Chernomyrdin fará giro, Annan vai a Moscou.
Berlim e Moscou, 28 (AE-ANSA) - O mediador russo Viktor Chernomyrdin viajará amanhã à Alemanha, Itália e Iugoslávia, enquanto o secretário-geral da ONU estará em Moscou, em missões decisivas buscando aproveitar alguns progressos para deter a guerra na Iugoslávia, anunciaram hoje (28) autoridades.
Houve "algum progresso" na busca de uma solução política, declarou hoje em Bruxelas o secretário-geral da Otan, Javier Solana, enquanto em Moscou Chernomyrdin dialogava com emissários americanos e alemães.

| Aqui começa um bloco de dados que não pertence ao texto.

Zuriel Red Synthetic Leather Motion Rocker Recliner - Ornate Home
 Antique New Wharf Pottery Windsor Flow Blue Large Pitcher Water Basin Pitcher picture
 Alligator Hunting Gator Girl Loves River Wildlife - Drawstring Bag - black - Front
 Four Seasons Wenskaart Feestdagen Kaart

O secretário-geral da ONU, Kofi Annan, antes de partir para a Rússia, fazia o mesmo com as maiores autoridades de Berlim.

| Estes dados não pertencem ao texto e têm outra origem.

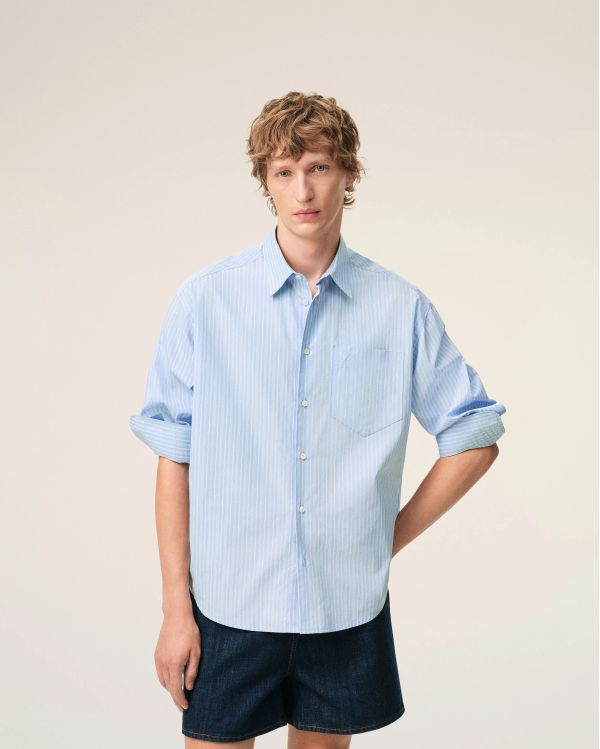CHEMISE BOXY MANCHES LONGUES AMI DE COEUR BLEU CACHEMIRE / BLANC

Esta atividade diplomática febril para tratar de um conflito que, segundo Annan, "não tem solução militar", foi provocada pelo anúncio da disposição de Belgrado de aceitar que uma força internacional armada ou com apoio armado entre em Kosovo.
A Otan, que inicialmente impunha como condição que essa força fosse da aliança atlântica, parece aceitar agora fórmulas alternativas. Foi o que sugeriram porta-vozes americanos, que na noite de terça-feira falaram de uma força internacional "dirigida" ou "em sintonia" com a aliança.
Esses movimentos provocaram expressões de otimismo. O ministro da Defesa alemão, Rudolf Scharping, se reuniu em Moscou com Chernomyrdin e expressou esperanças de uma solução negociada, apesar de ter pedido cautela porque, disse, "as decisões da Otan são tomadas por todos os países que a formam".
Annan advertiu em Berlim que se trata de um processo "longo e complexo" e que "não se deve esperar sucessos rápidos".
Analistas destacaram que os primeiros passos indispensáveis são a confirmação por parte de Belgrado da aceitação de uma força internacional, e por parte da Otan, que essa força seja enviada por decisão da ONU e sob sua bandeira.
Hoje, Chernomyrdin disse que uma condição "indispensável" para que as negociações avancem é que a aliança suspenda os bombardeios contra a Iugoslávia, perspectiva que nem sequer foi mencionada por todas autoridades e porta-vozes da aliança.
Em Moscou, transpirou que Chernomyrdin e o subsecretário de Estado americano, Strobe Talbott, procuram aproximar as diferenças sobre a composição da força para Kosovo.
Observadores ocidentais disseram que é "impensável" que a aliança aceite que nessa força não haja tropas dos países que integram a Otan, como quer Belgrado.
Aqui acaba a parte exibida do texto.